Çingene

   "Şems Hikmet:
   — Canım, çingeneler Müslüman değil midirler? Siz Müslüman'ız demiyor musunuz?
   Mehtap:
   — Diyoruz ama yine bize çingene diyorlar. Müslüman olmadığımızı söylüyorlar. Çingene başka Müslüman başkaymış. Hatta bizden bazı erkekler Çingene olduğunu saklayarak Müslüman kızı alıyor da Çingene olduğu duyulduğu zaman kıyametleri koparıyorlar."
   Ahmet Mithat Efendi, 1886 yılından sesleniyor sizlere. Boğazından çıkan sesler ulaşmasa da kaleminden çıkan mürekkep ulaşıyor. Irk ayrımından bahsediyor. Şems Hikmet'in Ziba'ya, Çingene kızına, aşkının temizliğini anlatıyor kendisini anlayacak yüreklere. Çingeneler gibi niceleri sadece ırkları bahane edilerek küçük görülmedi mi yıllarca? Yüzyıllarca diyelim. Hâlâ da görülmüyor mu? Görülmeyecek mi yıllarca?

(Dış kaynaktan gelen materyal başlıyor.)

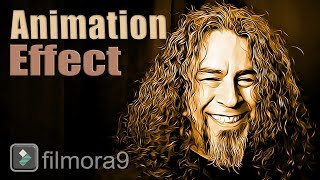 Filmora Animation Effect  Filmora9 Tutorial [upl. by Airlia466]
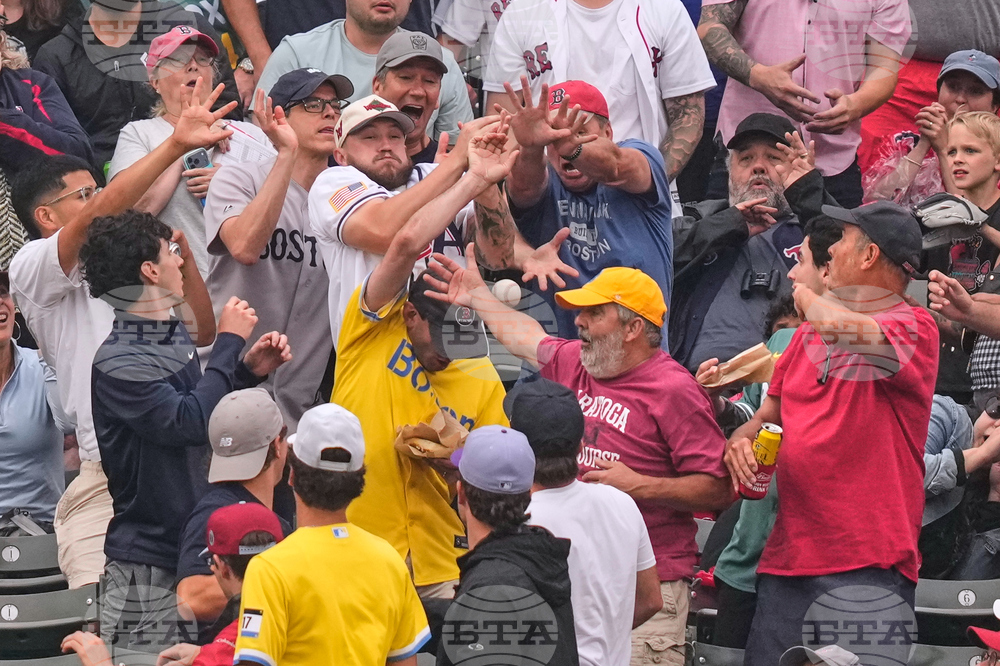Rays Red Sox Baseball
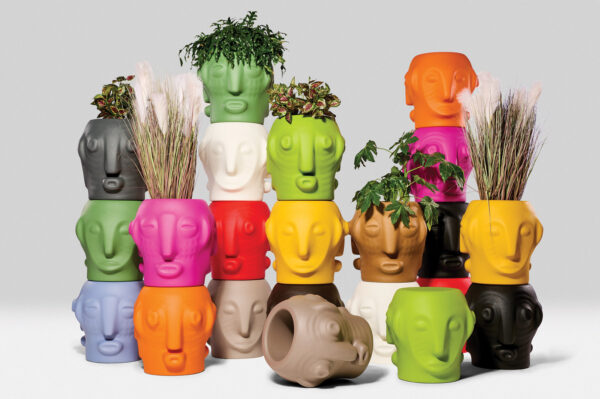 Design Blumentopf Threebu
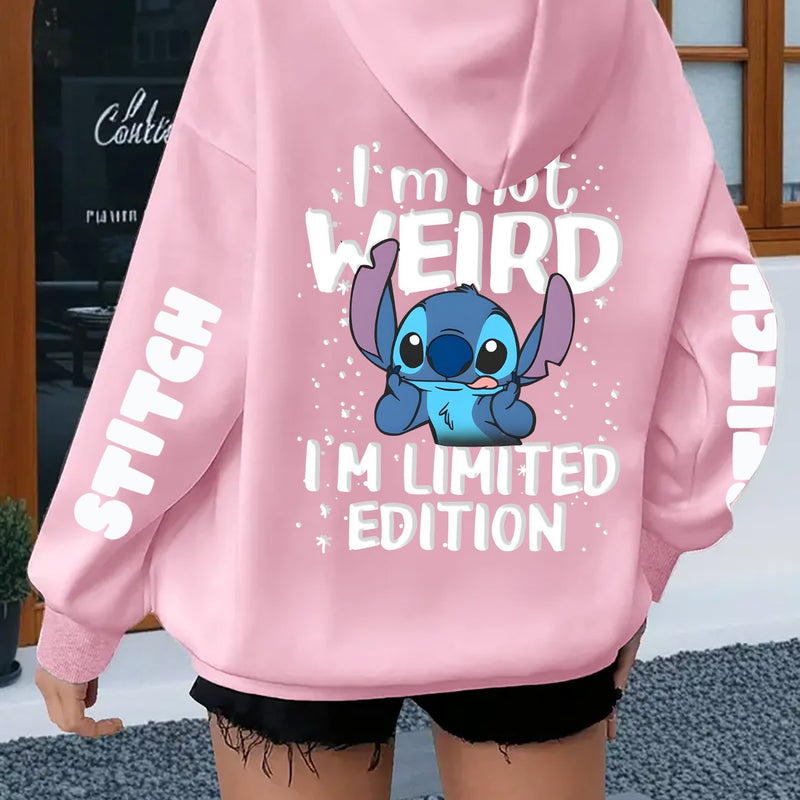 Women’s Disney Licensed Hooded Sweatshirt.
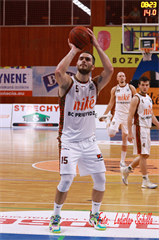 4. kolo SBL BC Prievidza - MBK Baník Handlová 97:87 (foto: Ladislav Szibilla)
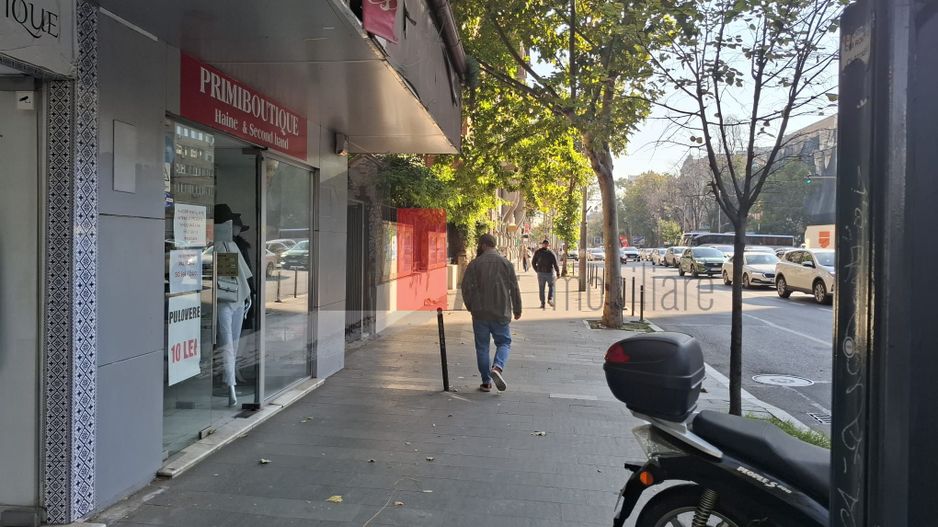 Spatiu comercial Magheru, trafic pietonal si auto intens - Poză 3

Yüzyıllarca diyelim yine.

   "Eski zamanın Odisse, İlyada romanları gibi bizim bu romanımız dahi birkaç bin sene sonra okunsa, hiç şüphe edilemez ki o zamanın erkek ve bayan okuyucuları ağırlıklı olarak Şems Hikmet'i takdir ve tasvip ederek Rakım Efendi'yi fikir darlığı, vizyon fukaralığı, geri kafalılık ile suçlayacaktır. Zira o zamanlar insanoğlunun şuuru tamamıyla yerli yerine oturmuş olacak ve bütün insanlık, her ferdiyle sabit, tek bir uygarlığın vatandaşı olacaktır; ve medeniyet, insanların arasında ne kavmiyetçe ne de uygarlıkça hiçbir fark kalmayacak kadar küreselleşecektir. Dünya bir insan yurdu ve insanlar da tek bir medeni soydan ibaret sayılacaktır! İşte Şems Hikmet, bir çingene kızını eğiterek hanım etmeyi kafasına koyduğu zaman, böyle birkaç bin sene sonra dünyaya gelecek bir adamın manevi sorumluluğunu içinde hissetmesi nedeniyle bu niyete düşmüştür."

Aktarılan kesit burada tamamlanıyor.